Aim of the task: Give back exactly the lines from the start of the entries below to the line holding "thumbnail image 4", that line included, and leave every picture out.

═══

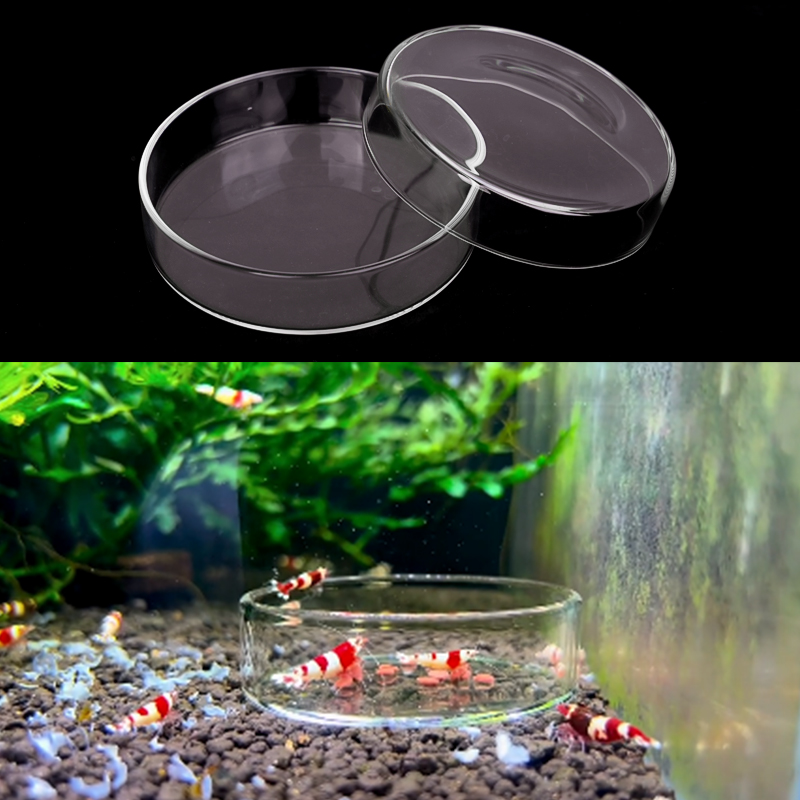 Shrimp Feeding Dish High Trans - Aquarium Fish Food 评论和价格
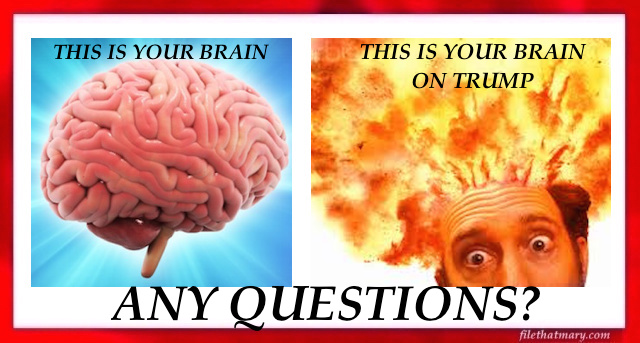 A trump brain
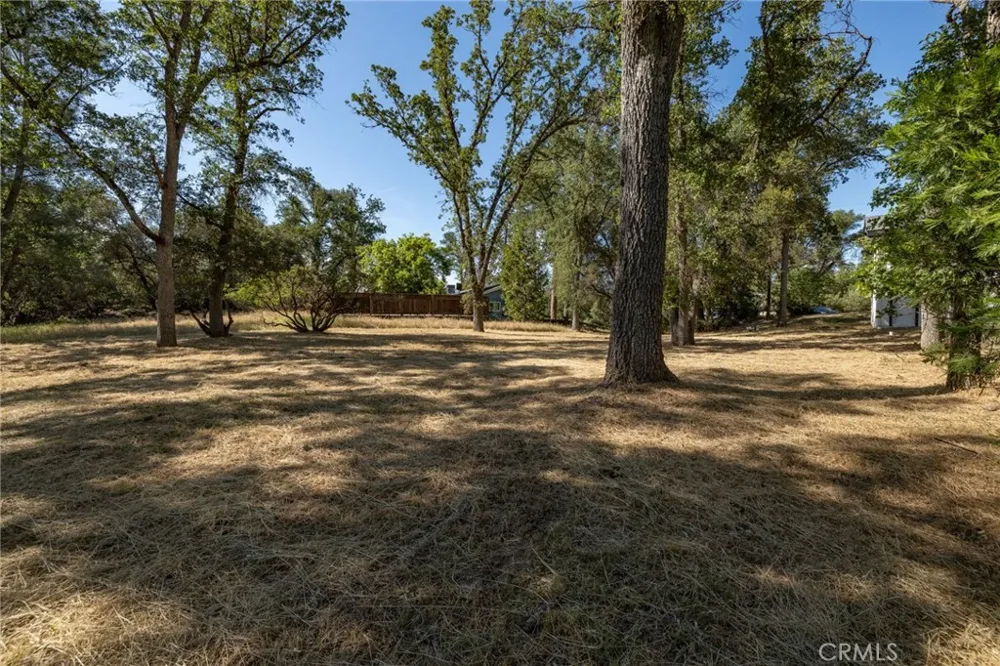 48866 Rock Point Road Oakhurst, CA 93644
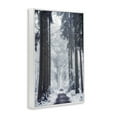 thumbnail image 4 of Stupell Industries Winter Fir Path Landscape Photography White Framed Art Print Wall Art, 12 x 18, 4 of 10
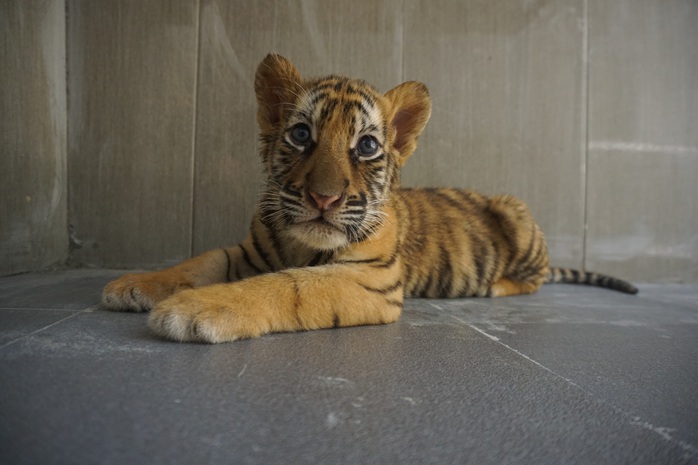 Vụ nuôi nhốt 17 con hổ trái phép trong nhà dân: Bàn giao 8 con hổ cho vườn thú Hà Nội - Ảnh 2.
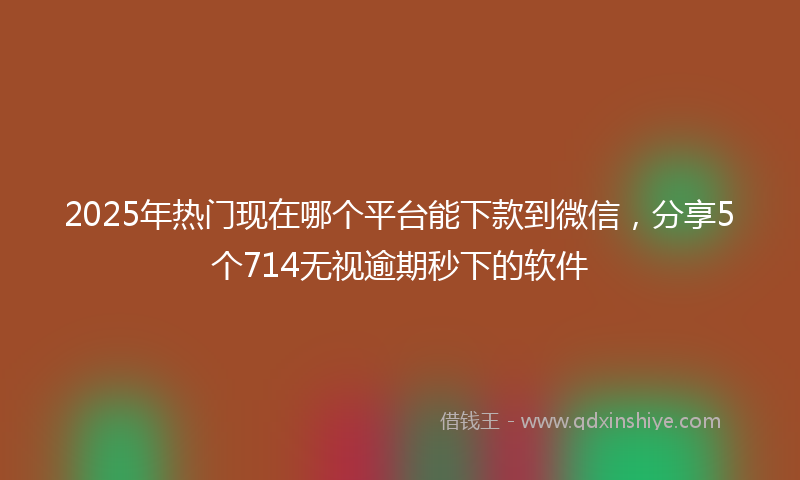 2025年热门现在哪个平台能下款到微信，分享5个714无视逾期秒下的软件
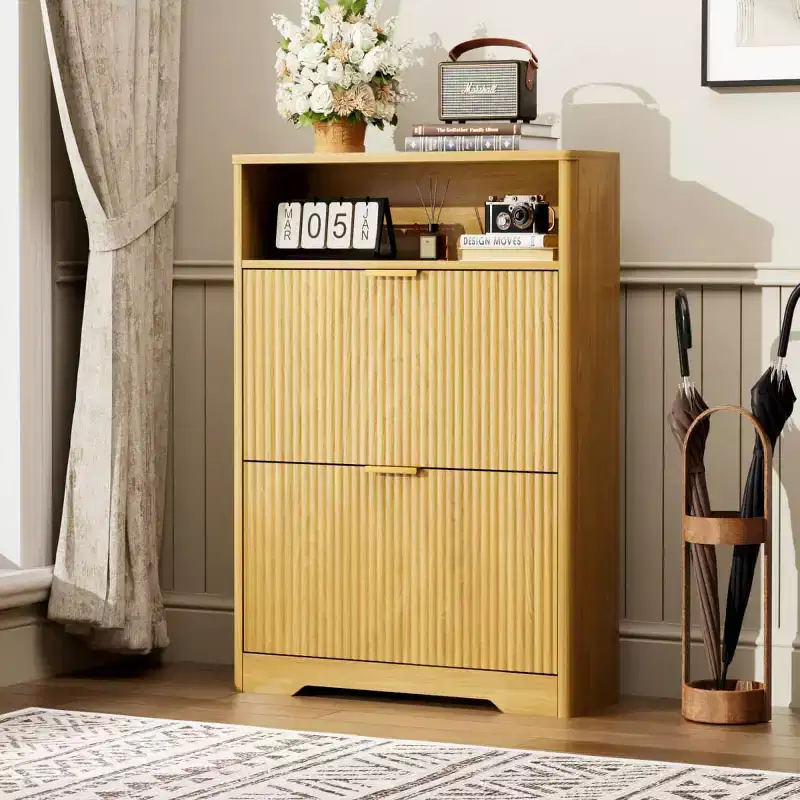 Modern Shoe Storage Cabinet with 2 Flip Drawers and Removable Shelves, Entryway Shoe Organizer for Hallway or Living Room - Panipeachy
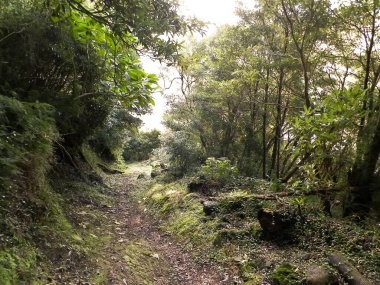 Sao Miguel iç kesimlerindeki tropikal ormanın vahşi doğası. Sao Miguel, Azores takımadalarının en büyük adasıdır. Vahşi doğanın güzelliği ve seyahat konsepti.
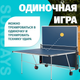 Миниатюра изображения товара Теннисный стол Sundays F2013N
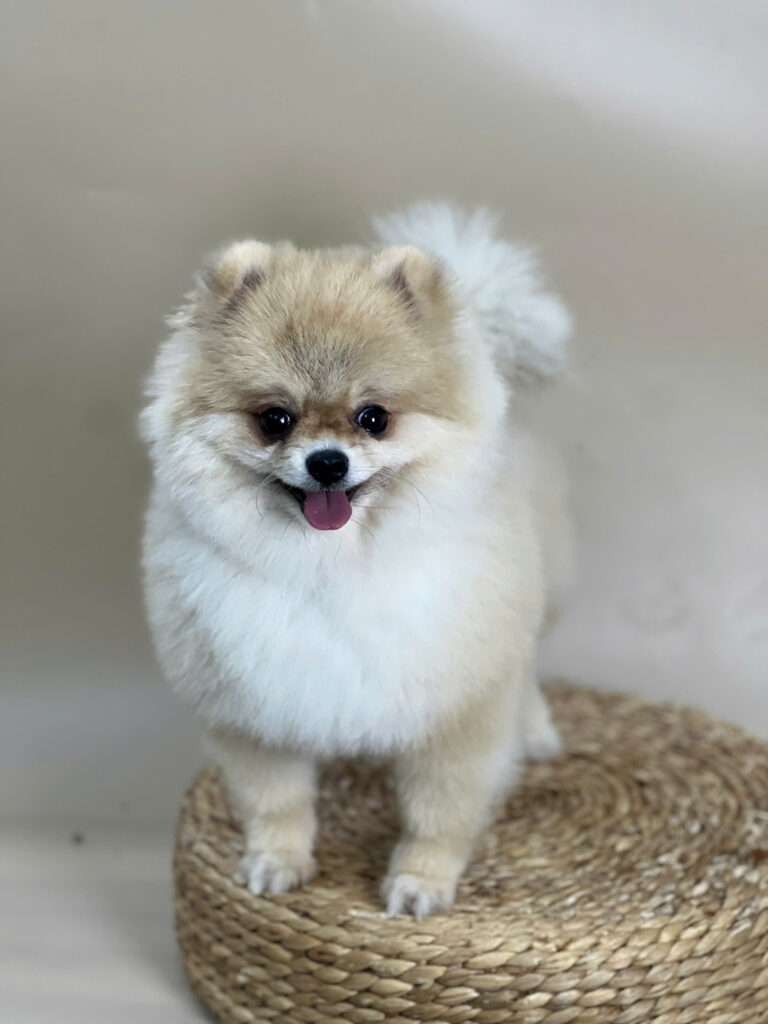 Tắm grooming thú cưng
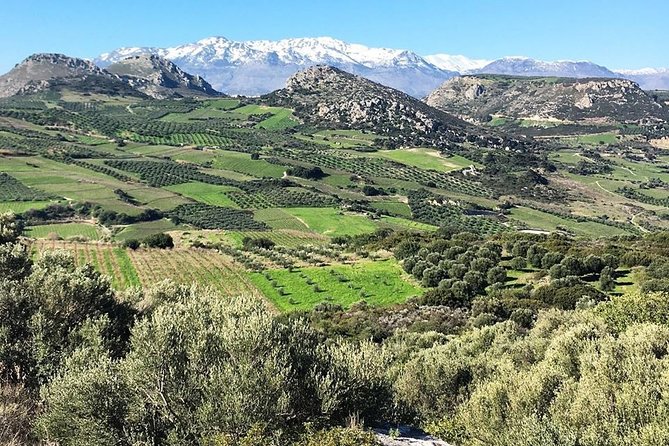 Semi Private Wine and Olive Oil tour (Transfer & Lunch Incl.) - Food, Drinks, and Exactly What You Can Expect to Taste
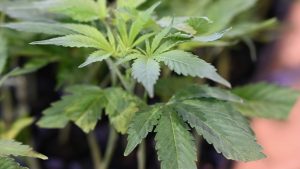 Trump considering reclassifying marijuana as a less dangerous drug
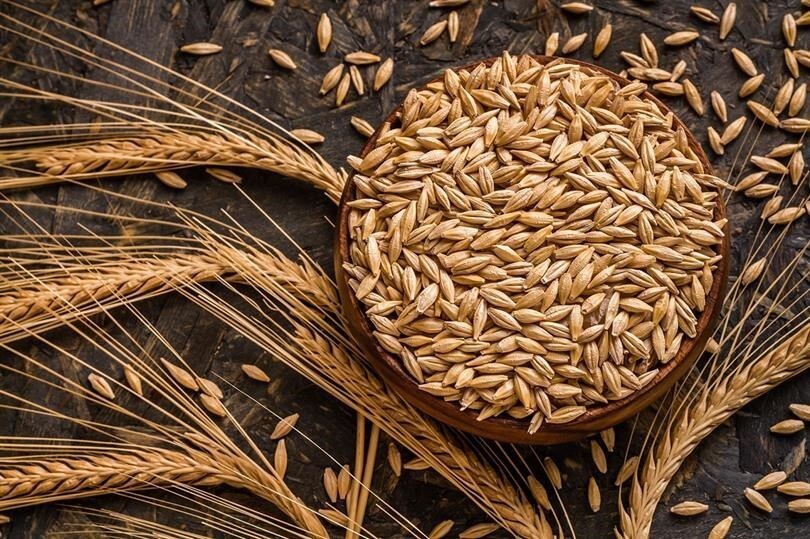 TOPRAK MAHSULLERİ OFİSİ (TMO), BURSA, KONYA, KAYSERİ, TEKİRDAĞ, DİYARBAKIR, ÇORUM VE SAKARYA GİBİ...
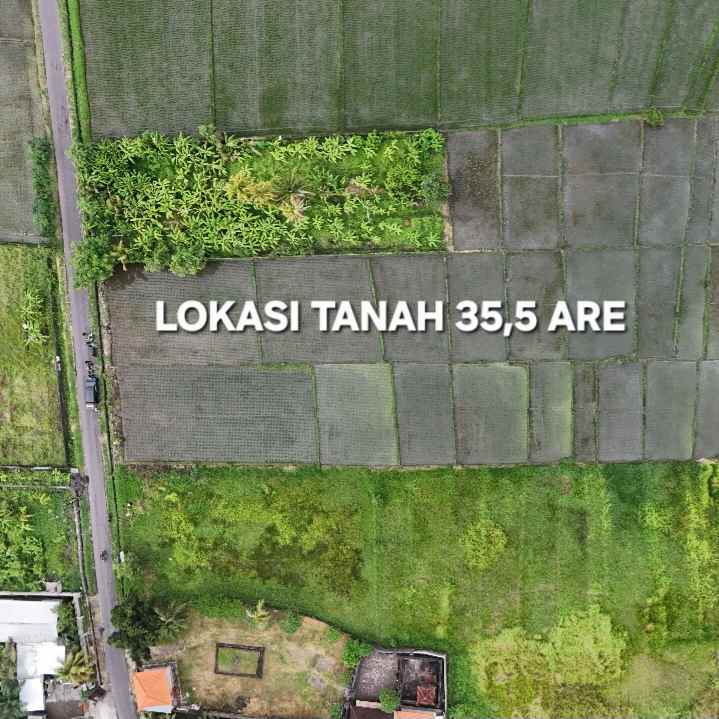 dijual tanah raya kerambitab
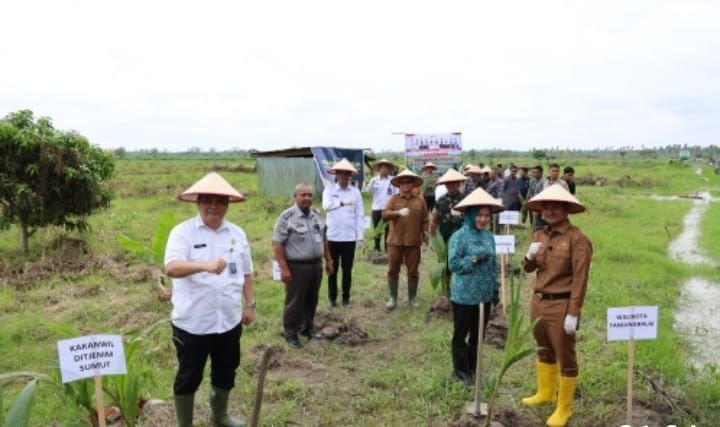 Dukung Ketahanan Pangan Nasional, Imigrasi Sumut Tanam 2.000 Bibit Kelapa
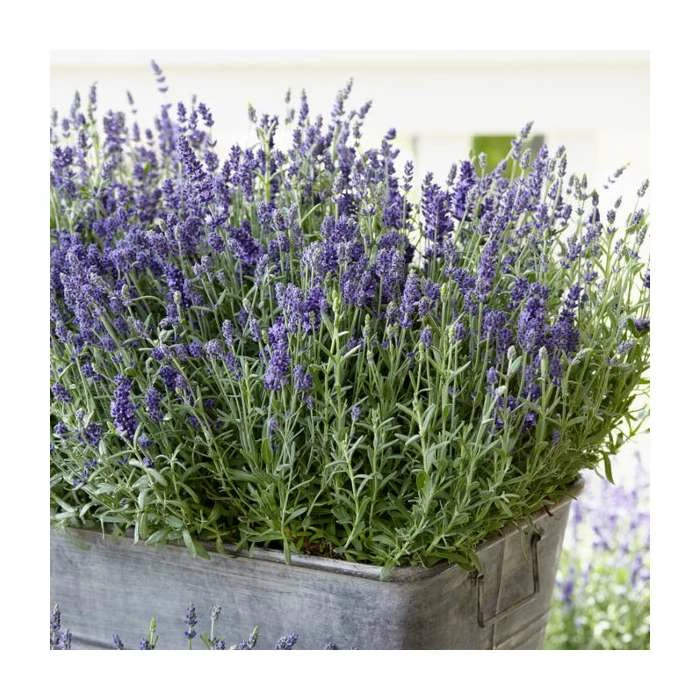 English Lavender | Lavender angustifolia 'Ardeche Blue' | 10.5cm Pot 1 English Lavender | Lavender angustifolia 'Ardeche Blue' | 10.5cm Pot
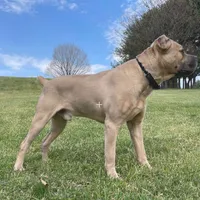 Pepper, a female Cane Corso for sale in Towson, MD – Photo 10 of 10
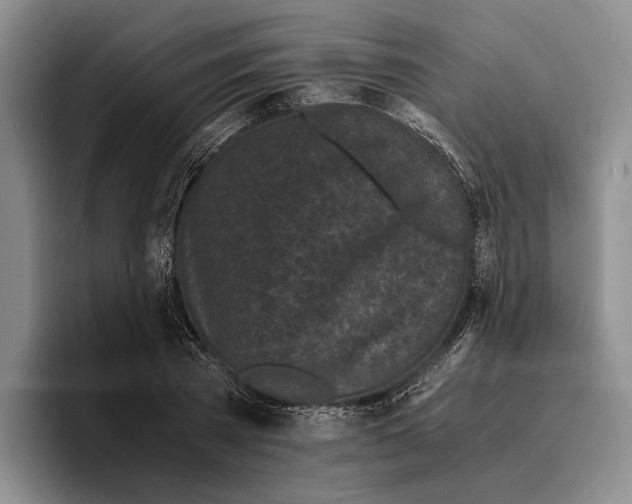 X0000096380785200802211120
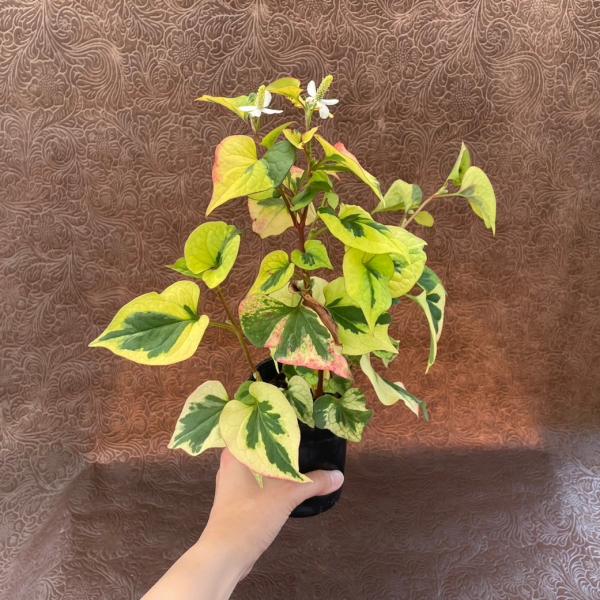 やましち山野草店 / 五色ドクダミ ポット苗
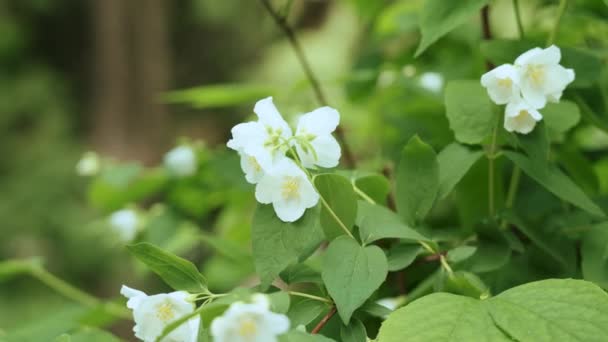 Witte Engelse Dogwood Bloemen Sluiten Filiadelphus Coronarius — Stockvideo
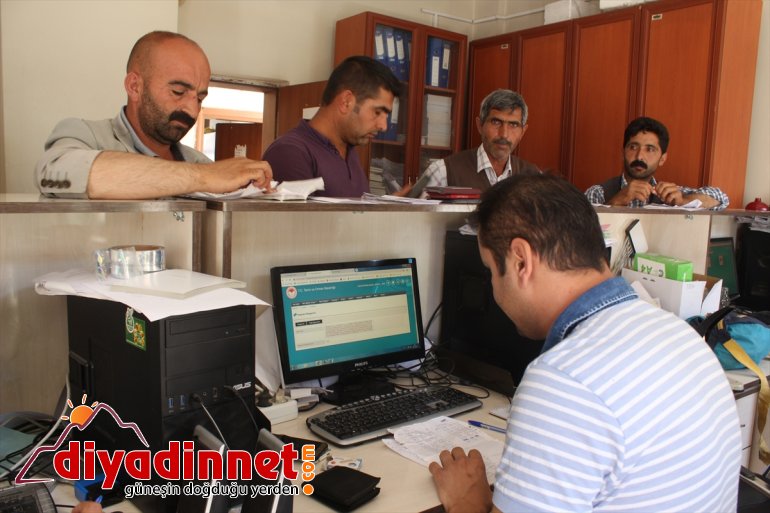 Kurban Bayramı öncesinde kurbanlık sevkiyatı hızlandı - AĞRI9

═══

Task response:
 Shrimp Feeding Dish High Trans - Aquarium Fish Food 评论和价格
 A trump brain
 48866 Rock Point Road Oakhurst, CA 93644
 thumbnail image 4 of Stupell Industries Winter Fir Path Landscape Photography White Framed Art Print Wall Art, 12 x 18, 4 of 10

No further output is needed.